Names of executive committee or equivalent

Pageant Committee

  • Chairman: Anita Walker
  • Vice-Chairman: Bill Shaw
  • Secretary/Treasurer: David Langlands

Other members:        

  • Fiona Kerr
  • Arthur Kerr
  • Brenda McLeod
  • Martin McLeod
  • Lawrence Tait
  • Ian Lamb
  • Tom MacGowan
  • Lex Sawley
  • David Smith
  • Peter Paterson
  • Ian Angus
  • Angus Nairn
  • Steve Crowe
  • Janet Webster
  • Alistair Gray
  • Donna Smith
  • Bill Smith
  • James Lindsay


Many of the committee members had been involved with the pageant when it had been performed in 1981 and 1999, including pageant master Bill Shaw and Anita Walker (who became chairperson of the Society in 1999). Generally, women were much better represented than they had been in the earlier years of the pageant. 

Names of script-writer(s) and other credited author(s)

  • Milne, J. Crawford
  • Mackenzie, Agnes Mure
  • Thornton, F.W.A.


The poet J. Crawford Milne wrote the prologue; it had been used in many previous presentations of the pageant, including those of 1980, 1981 and 1999. The former pageant producer, Frank Thornton, wrote the commentary given during the Declaration scene. A further part of this scene was a recitation, in English translation, of the text of the Declaration of Scottish Independence. This translation was by the popular historian Agnes Mure Mackenzie and had been used at every performance of this scene since 1948. Mackenzie had been a great supporter of the pageant until her death in 1955. [See entry by Joan Morrison Noble, in The Biographical Dictionary of Scottish Women, ed. Elizabeth Ewan et al. (Edinburgh, 2006), 229.]

Names of composers

  • Glover, William

William Glover had been a teacher of music in Angus and composed original music for the 1980 pageant; this score was used again in 1981, 1999 and 2000. 

Numbers of performers

180 - 220

Numerous newspaper articles state that the pageant had around two hundred performers. In the Arbroath pageants of the late 1940s and 1950s all, or almost all, of the performers had been male. However, this changed in 1999 and parts were created for women; this was repeated in 2000. However, none of the small number of women involved had speaking roles. In the main Declaration scene, girls played 'waifs and strays'.

Financial information

Surplus: £580.72

Object of any funds raised

Arbroath Abbey Pageant Society


In 2000, the pageant received financial support from 'the Heritage Lottery Fund, Angus Council, the Millennium Festival Fund and various local trusts and local commerce and industry' (Arbroath Abbey Pageant: a Millennium Production (Arbroath, 2000), 1).
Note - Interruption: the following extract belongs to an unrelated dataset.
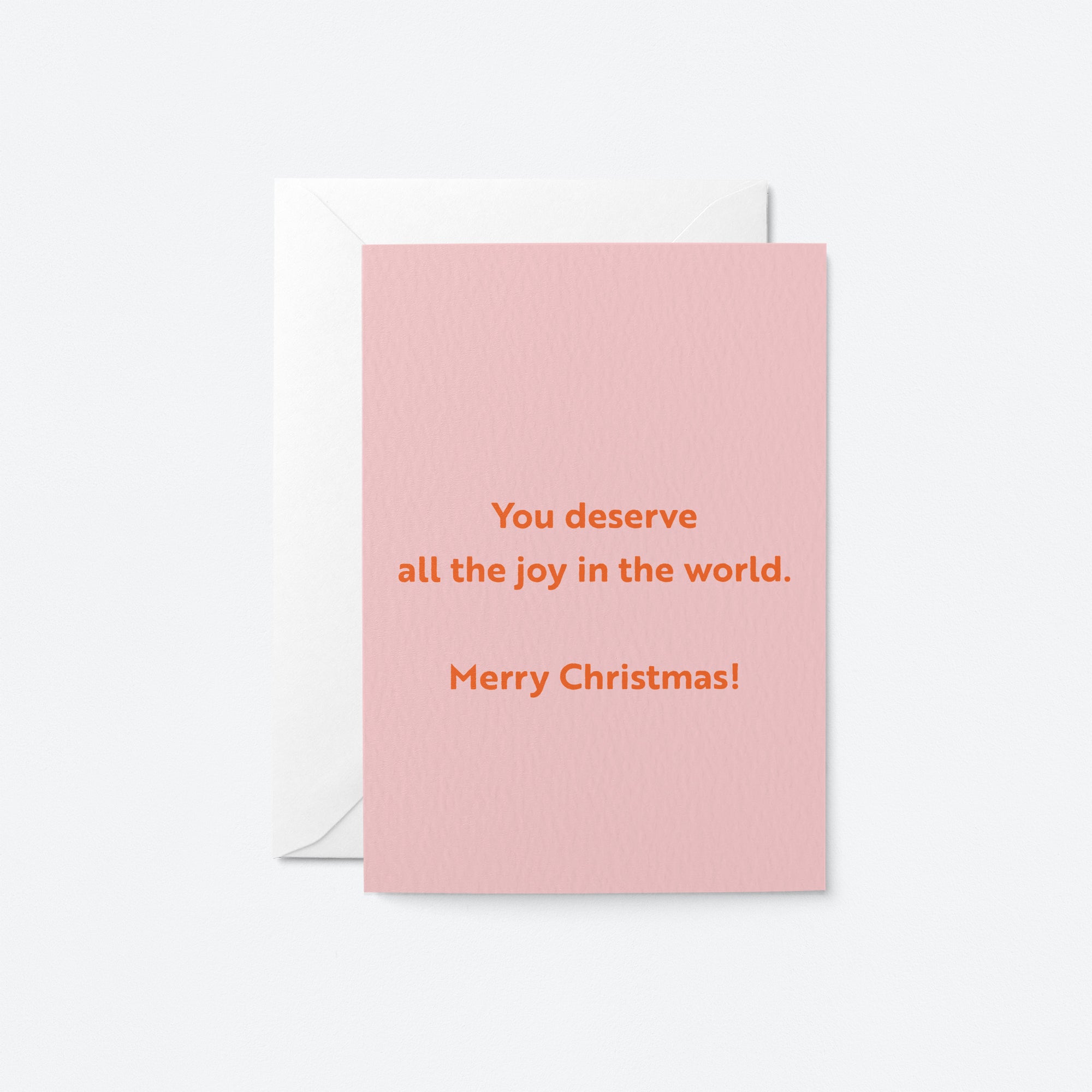 christmas card with a text that says You deserve all the joy in the world. Merry Christmas!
An article in the Arbroath Herald reported that following the pageant, the Arbroath Abbey Pageant Society had funds of £5287.25 in its account, and 'debtors of £1,692.72'. As it had done in 1999, the pageant returned a surplus; while many of the specifics of pageant finances were not published in the local press in either 1999 or 2000, comment was made that figures for income made through advertising revenue and sales of tickets and programmes were broadly similar to those achieved in 1999. However, expenditure was said to have been a little higher in 2000. One reason for this was that seven performances were put on, as against five in 1999. This suggests that even with fewer performances, the surplus achieved in 1999 had been higher than that made in 2000, which amounted to £580.72 (Arbroath Herald 1 December 2000, 16). 

Linked occasion

Nationwide millennium celebrations

Audience information

  • Grandstand: Yes
  • Grandstand capacity: n/a
  • Total audience: n/a


In 2000, newspaper reports stated that the grandstand was larger than that in place in 1999; however, its capacity was not given. Audience figures are unknown but thought to be respectable, although not sold out.
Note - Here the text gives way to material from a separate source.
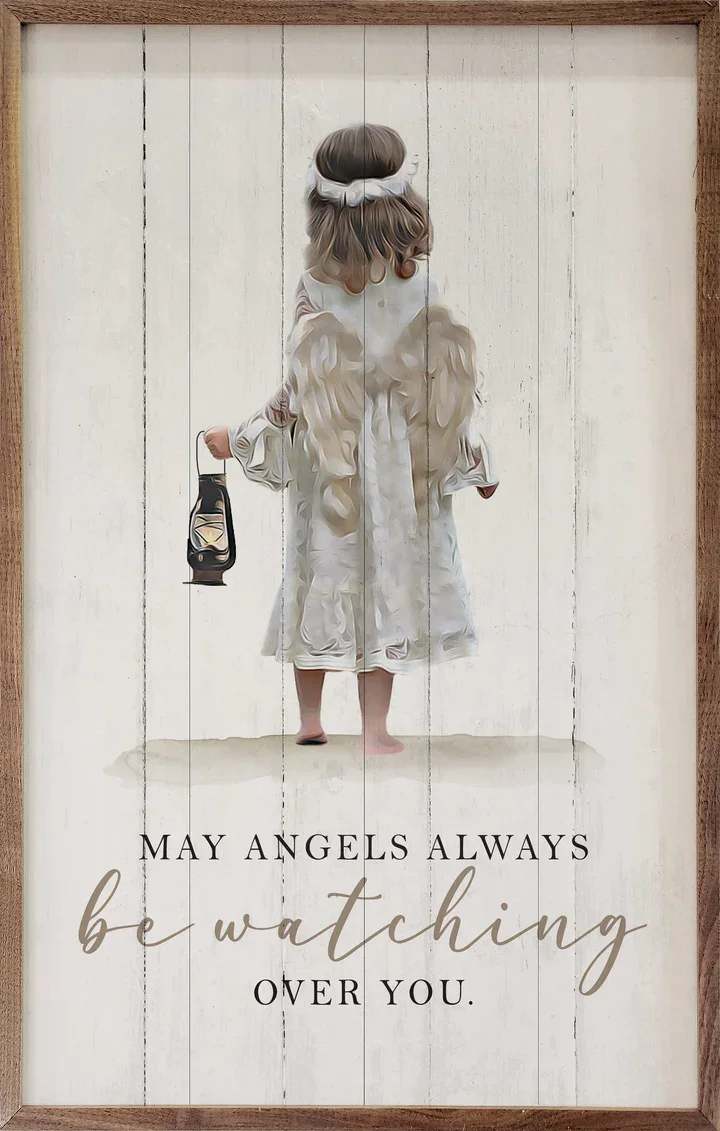 Wood-framed wall art of a childlike angel holding a lantern with the words may angels always be watching over you.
Prices of admission and seats: highest–lowest


[Tickets cost £8, with 'concessions' at a reduced price of £5. These concessions are not specified but it assumed they applied to children and pensioners (Advertisement, Arbroath Herald, 18 August 2000, 1).]

Associated events

A 'Sea-Fest' took place over the weekend preceding the pageant (12–13 August); pageant performers appeared at some of the events of this festival, which celebrated Arbroath's maritime culture. The performers appeared in costume to read out a proclamation about their event and sell tickets for the forthcoming pageant. It was said that many tickets were purchased in this manner ('Another Feast of Pageantry at Arbroath Next Week', Arbroath Herald, 18 August 2000, 7).

Pageant outline


This was a verse written by the local poet, J. Crawford Milne; it had been performed many times as a prologue to the pageant. Up until 1970 the former pageant producer, F.W.A. Thornton, had narrated the prologue, initially live but from the mid-1950s onwards as a pre-recorded reading. In 1999, Ewan Stewart, who was the son of the popular entertainer Andy Stewart, delivered a pre-recorded narration. This was again used in 2000. The verse, purported to be the words of an ancient Scots warrior, extols the beauty of Scotland and praises the Scots of long ago. The poem then moves on to describe the start of the Wars of Independence and the emergence of Wallace as a heroic figure:

Yet was England's hammer made to know
That one Scot lived who held his manhood sure.
Within the heart of Wallace freedom stirred
And quickened to his country's need...
Throughout the narration, the figure of an old warrior mimes to the narration.

[Synopses taken from Arbroath Abbey Pageant: a Millennium Production (Arbroath, 2000) and 'Tension and Drama lead to patriotism Stirring Pageant', Arbroath Herald, 1 September 2000]

Pageant Play. The Laurel Crown, 1305

The pageant programme details that this play was written by F.W.A. Thornton 'as a prelude to the great central fact of the pageant'. It had been performed many times within the Arbroath pageant. The drama features the trial of William Wallace at Westminster Hall in London in August 1305. Together with Wallace (played by Joe Wishart), the central characters are Edward I (Alan Mowatt), the Earl of Pembroke (Steve Crowe), the Earl of Sussex (Louis Benson), the Lord Chief Justice of England (Mark Masson), the Lord Mayor of London (Geoff Bray), and the Constable of the Tower (Rab McMonagle). Supporting players took the roles of guards, bishops and ladies and gentlemen of the court; a number of the supporting players were women. Altogether, it had a cast of around 30. The dialogue was delivered live; this was made possible by the installation of a new sound system.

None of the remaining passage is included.